Even if the general FAO food price index reached a higher level than during the 2008 peak, the cereal index remained below its level at that time. In the short term, evolution of prices depends on estimates of acreage sown and yields estimates. In the medium term, it depends on actual harvests later in the year. Several observers noted a tendency to hold back stocks in order to speculate on future price increases that will contribute to keeping prices at a high level.

The good harvests of 2010 in traditional cereal-importing countries also explain why domestic prices have generally not followed the surge observed on international markets. One possible explanation - which would need to be checked - is that, in addition to the reduction of import tariffs which were widely used in 2008, some countries have taken other measures that are unfortunately poorly documented such as signing of bilateral trade agreements with neighbouring food-exporting countries in order to secure supplies at prices that do not reflect the erratic movements of world prices.

Such arrangements could explain in part the observed limited price transmission of world market prices to domestic market prices. In some documented cases, these agreements have involved bartering gas for wheat, as in September 2008 between Ukraine and Egypt who is the largest importer of wheat in the world. In other countries, like Indonesia, the increase of food prices preceded movements on the world market and was felt as early as 2009. This increase, including for rice, is mainly a consequence of policies aiming at stimulating private consumption as a means to end the economic crisis of 2008-2009.

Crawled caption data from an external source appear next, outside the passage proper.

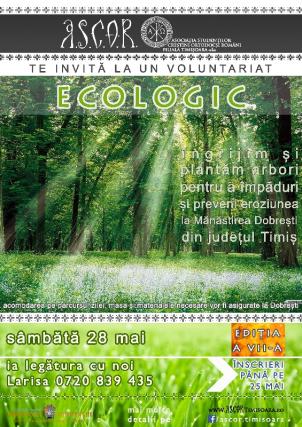 Campanie de voluntariat ecologic, în cadrul ASCOR Timişoara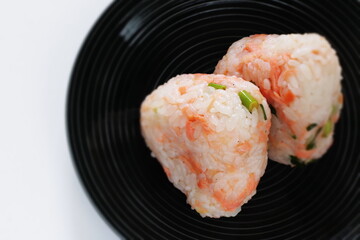 Japanese food, salmon fish and rice bowl 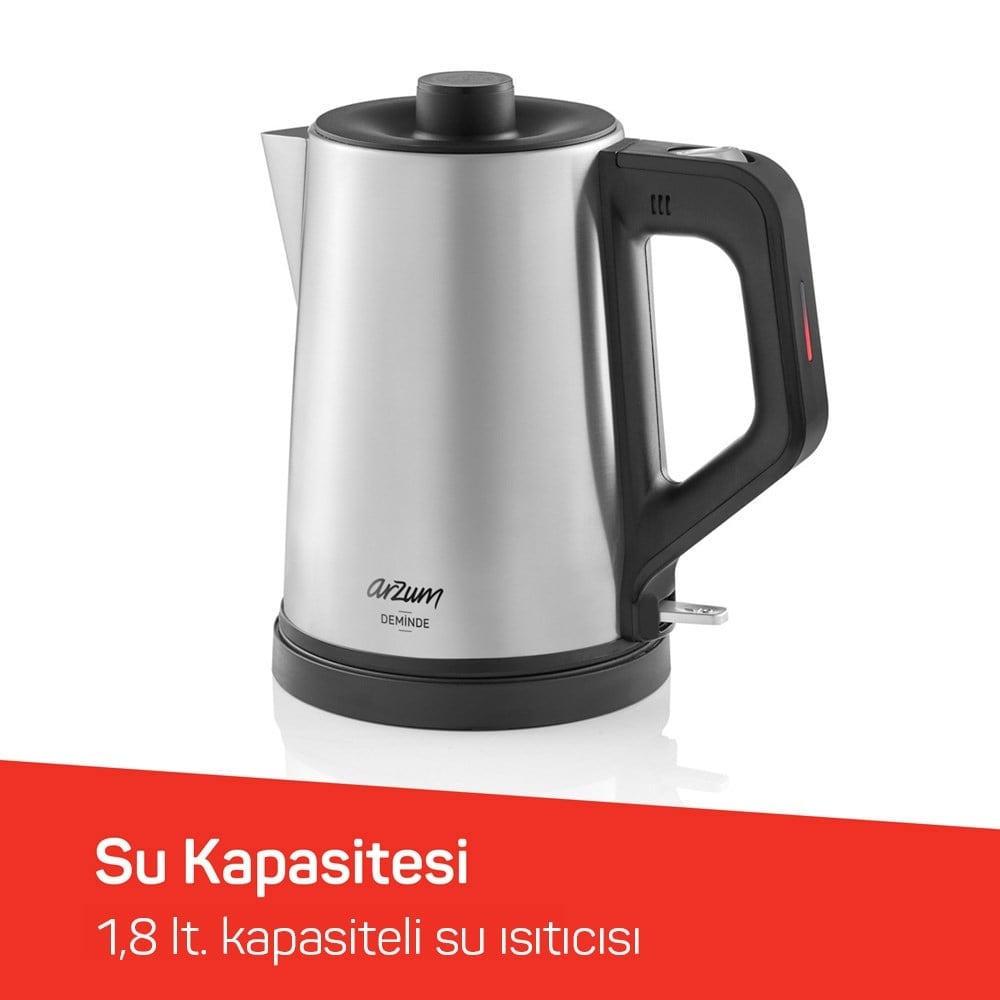 Arzum AR3129 Deminde İnox Çay Makinesi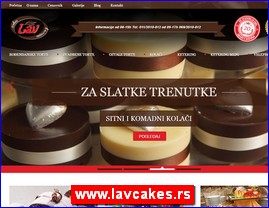 Catering, organization of celebrations, organization of weddings, www.lavcakes.rs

The analysis of the case of wheat in 2011 helps to better understand the underlying causes and particularly the impact of policies. Reforms of the US agricultural policy and adjustments in the Common Agricultural Policy of the EU have led to a reduction of incentives given to wheat producers in those two economic giants. In the US, wheat production was reduced while maize production increased, as it was more profitable for farmers. This meant that there was a change in the centre of gravity of wheat production worldwide, which moved towards Ukraine, Russia and Kazakhstan (the so-called ‘‘Black Sea’’ zone). These countries, however, experience yield variations twice as large as those in the US or the EU, because of their specific agroclimatic conditions. This meant that this zone represented around 30% of world production of wheat, and this change of location of wheat production automatically induced more variability in the total quantity traded in the world, and therefore more volatility in wheat prices.

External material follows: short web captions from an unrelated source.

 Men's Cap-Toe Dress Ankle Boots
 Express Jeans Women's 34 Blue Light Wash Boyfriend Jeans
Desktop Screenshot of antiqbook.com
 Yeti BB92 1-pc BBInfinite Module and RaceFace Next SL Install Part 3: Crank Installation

To sum up, policies of importance in 2010-2011 are:

-Limitation or ban of exports, particularly in Russia and Ukraine

-Relative reduction of incentives for the production of wheat in the EU and the US

-Policies to stimulate consumption following the economic crisis of 2008-2009

-Monetary policies which keep the US dollar weak and interest rates low

-Lack of progress in regulation of financial markets

-Large public purchases of food products on the world market.

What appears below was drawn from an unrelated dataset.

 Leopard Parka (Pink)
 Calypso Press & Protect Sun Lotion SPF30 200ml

Vulnerability of countries to price increases

There is one issue that remains pending on which there is little information: the real importance of the observed world price in determining prices in importing countries.

Some studies, of essentially a statistical nature, have demonstrated that world prices are variably transmitted to domestic markets, depending on the country. For example, world rice price increases between end 2003 and end 2007 were well transmitted to domestic markets in China and Thailand, but very poorly in The Philippines and India.

The explanation generally given is that countries where transmission is poor have put in place price policy stabilisation measures or have changed their trade policy instruments (e.g. tariffs) to absorb the variation. Another likely cause, but one which is not well documented, could be that some countries have signed bilateral trade agreements with exporting countries which allow them to be supplied with food commodities at stable prices that are independent of world prices. Some bilateral agreements have also made provision for exchange (barter) between food and other commodities or equipment. This type of agreement carries the potential to reduce vulnerability of countries to the fluctuation of world prices.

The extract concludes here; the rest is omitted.